Obamacare Navigator Grants go to Groups with No Ties to Health Care

“We can’t access the website for them, or fill out an application for them, or select a plan for them. We have to direct them back to the 1-800 number”

MacIver News Service | October 23, 2013

[Madison, Wisc…] Wisconsin Organizations that don’t seem to have anything to do with healthcare received grants from the Department of Health and Human Services to help people navigate the complicated Obamacare website, according to a federal database.

Partners for Community Development, a 501(c)(3)nonprofit in Green Bay that helps low income people with housing issues, Legal Action of Wisconsin, a law firm that provides legal services to low income people, and Northwest Wisconsin Concentrated Employment Program, based in Ashland, are all listed on a data set named “Navigators” at data.healthcare.gov.

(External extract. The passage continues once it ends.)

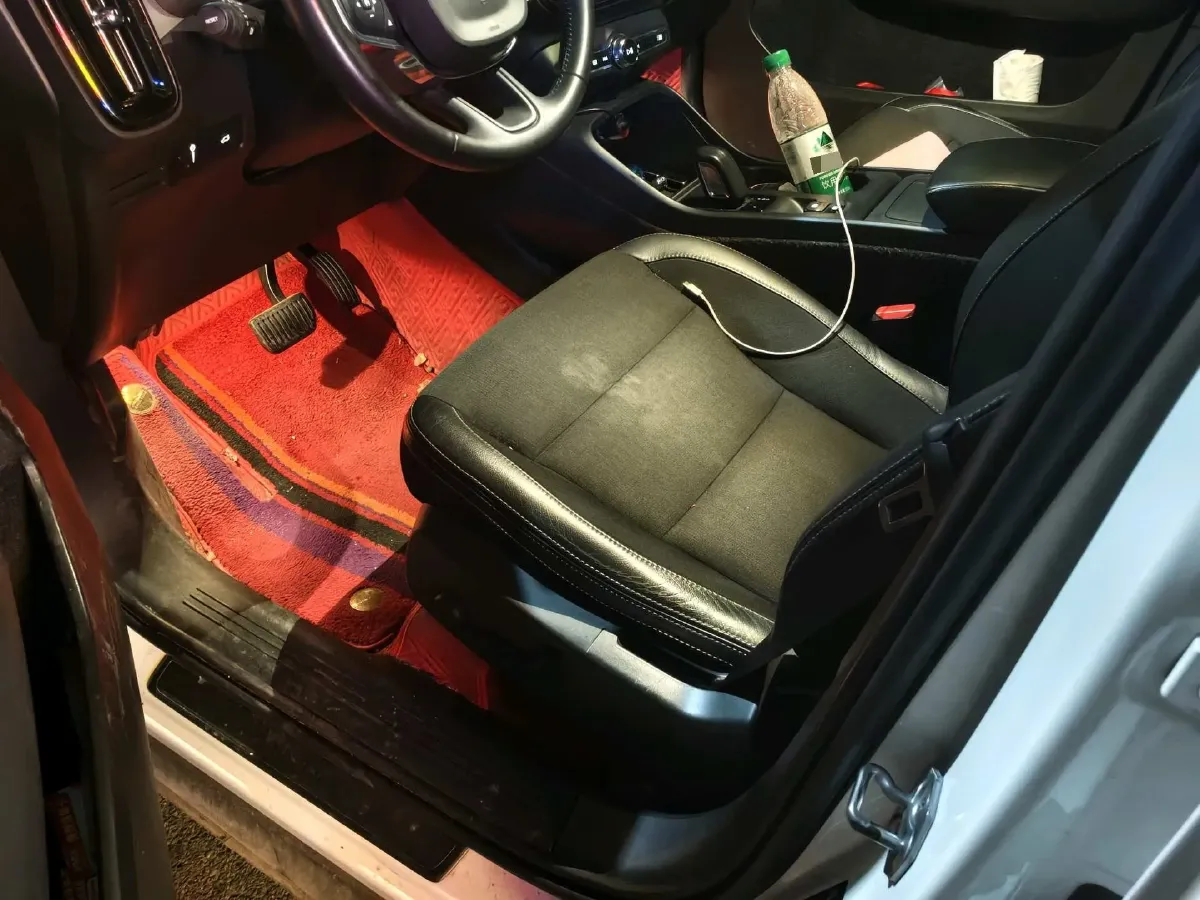 2020 Volvo XC40 1.5T 163HP L3 8AT,autocango,china used car exporter,china ev exporter,chinese used car exporter,chinese used ev exporter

The Affordable Care Act created “Navigators” to help people navigate the healthcare exchanges, which turned out to be very difficult to use. Of the 19 million who have visited the site, only 476,000 have started applications. The law requires the Department of Health and Human Services to administer grants to organizations to create “Navigator” programs.

The only groups seemingly not allowed to apply for these grants are insurance companies or lobbyists. All these groups that seemingly have no connection to healthcare fit into the grant requirements:

Funding through the cooperative agreement is open to self-employed individuals and private and public entities including community and consumer-focused nonprofit groups; trade, industry and professional associations; commercial fishing industry organizations; ranching and farming organizations; chambers of commerce; unions; resource partners of the Small Business Administration; licensed insurance agents and brokers; and other public or private entities. Other entities may include but are not limited to Indian Tribes, tribal organizations, urban Indian organizations, and State or local human services.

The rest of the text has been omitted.